Send back the data below exactly. Drop every picture.

━━━━━ RECORDED DATA ━━━━━

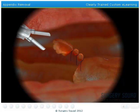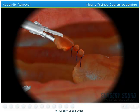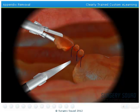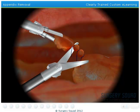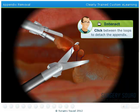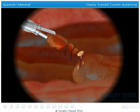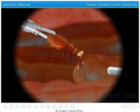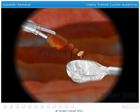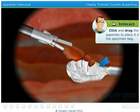Now we need to remove the appendix. Use the scissors to snip between the loops. Notice that when you snip, a little pus comes out, indicating that the appendix is infected. Don't worry about it though, we'll clean up everything. To remove the appendix from the abdomen, place it into the specimen bag and pull it out through the trocar.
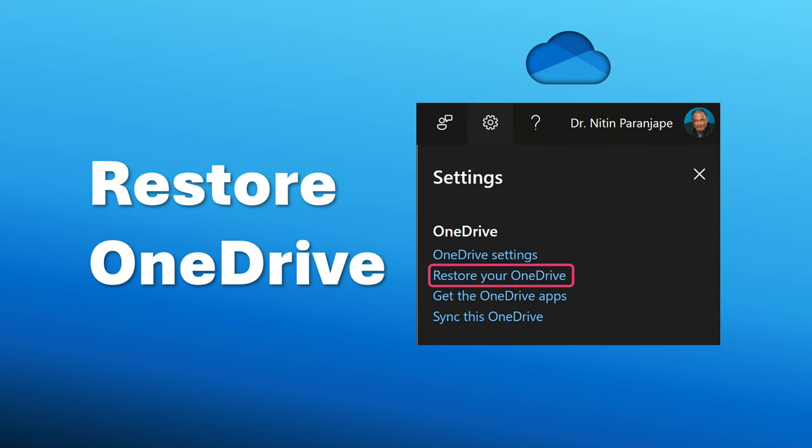In case you get a ransomware attack, don't worry — go to OneDrive, there is a restore option as well. I have a detailed video on OneDrive best practices and also a video on ransomware restore — have a look at those. So that's it for now. Thank you.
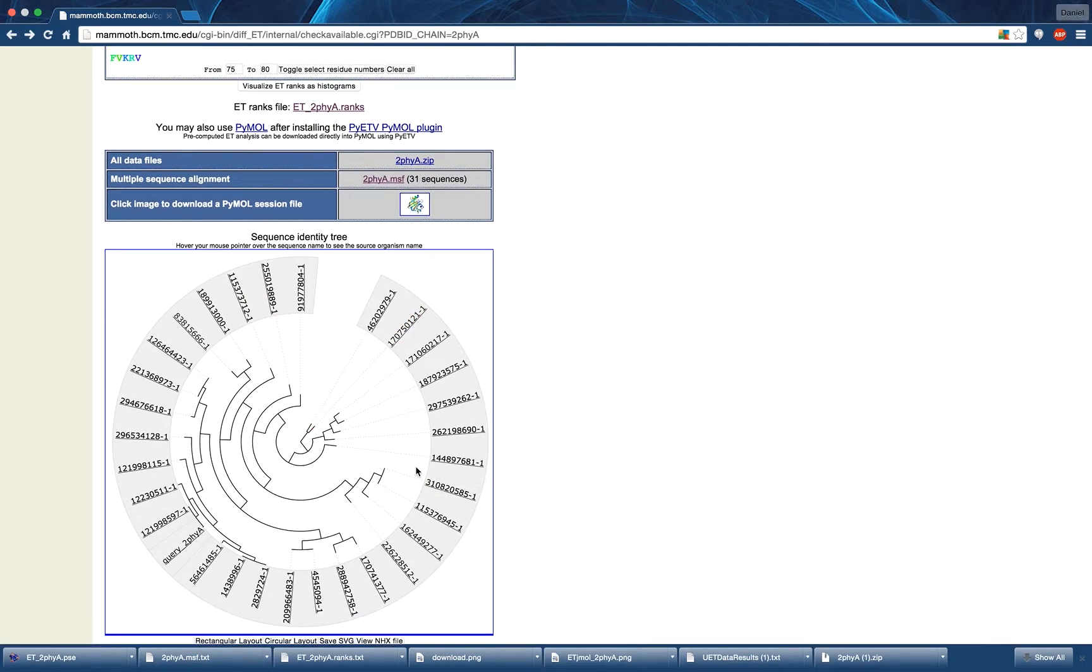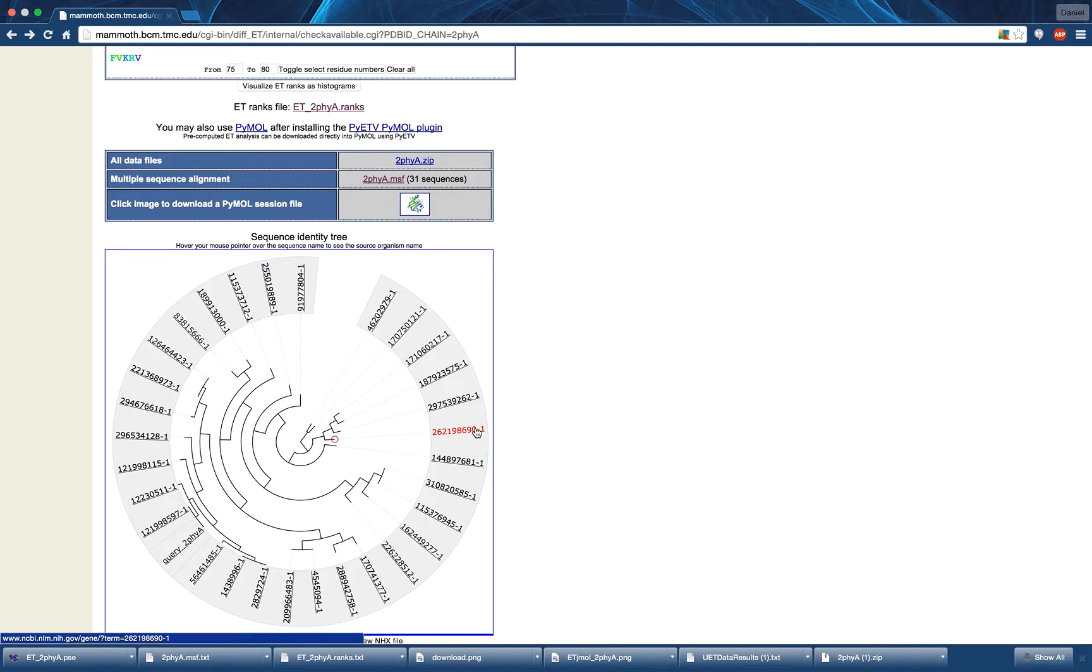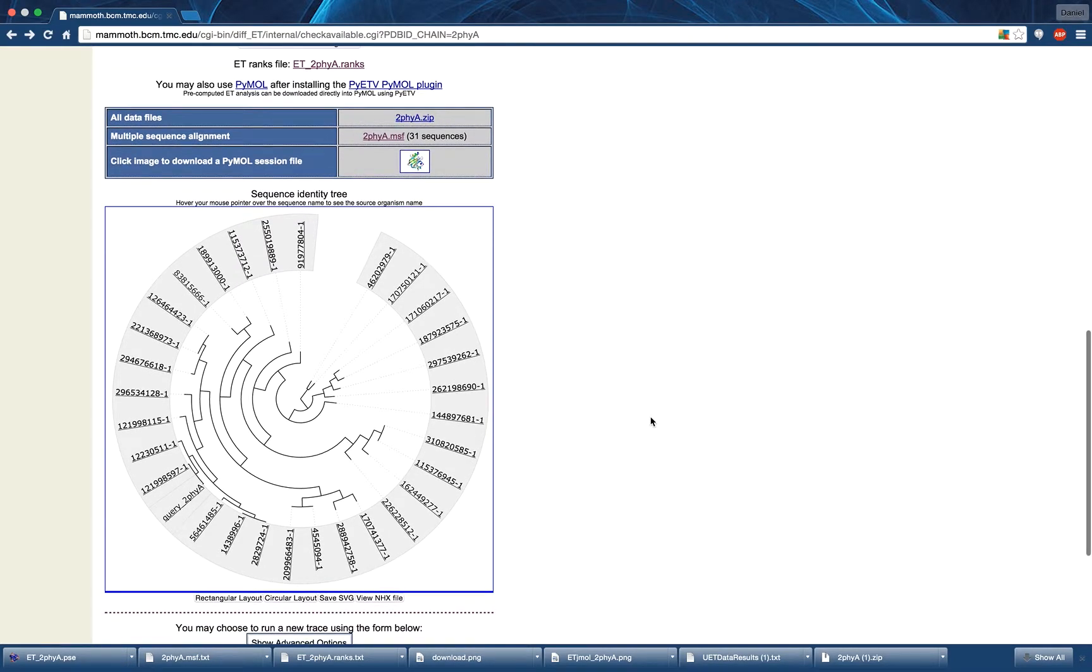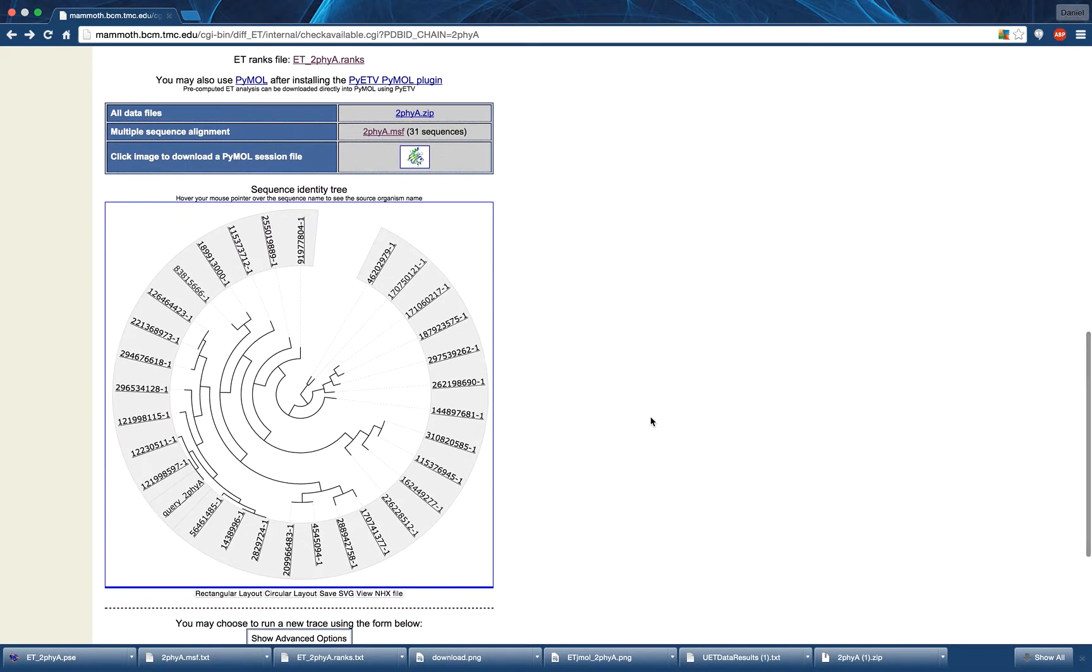This is also covered in another video found in the annotation. By hovering over a value in the tree, you can reveal the species responsible for that entry. You can also change the shape of the tree by pressing the Rectangular Layout button.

━━━━━

◆ **ANSWER SPACE**
Now we need to remove the appendix. Use the scissors to snip between the loops. Notice that when you snip, a little pus comes out, indicating that the appendix is infected. Don't worry about it though, we'll clean up everything. To remove the appendix from the abdomen, place it into the specimen bag and pull it out through the trocar.
In case you get a ransomware attack, don't worry — go to OneDrive, there is a restore option as well. I have a detailed video on OneDrive best practices and also a video on ransomware restore — have a look at those. So that's it for now. Thank you.
This is also covered in another video found in the annotation. By hovering over a value in the tree, you can reveal the species responsible for that entry. You can also change the shape of the tree by pressing the Rectangular Layout button.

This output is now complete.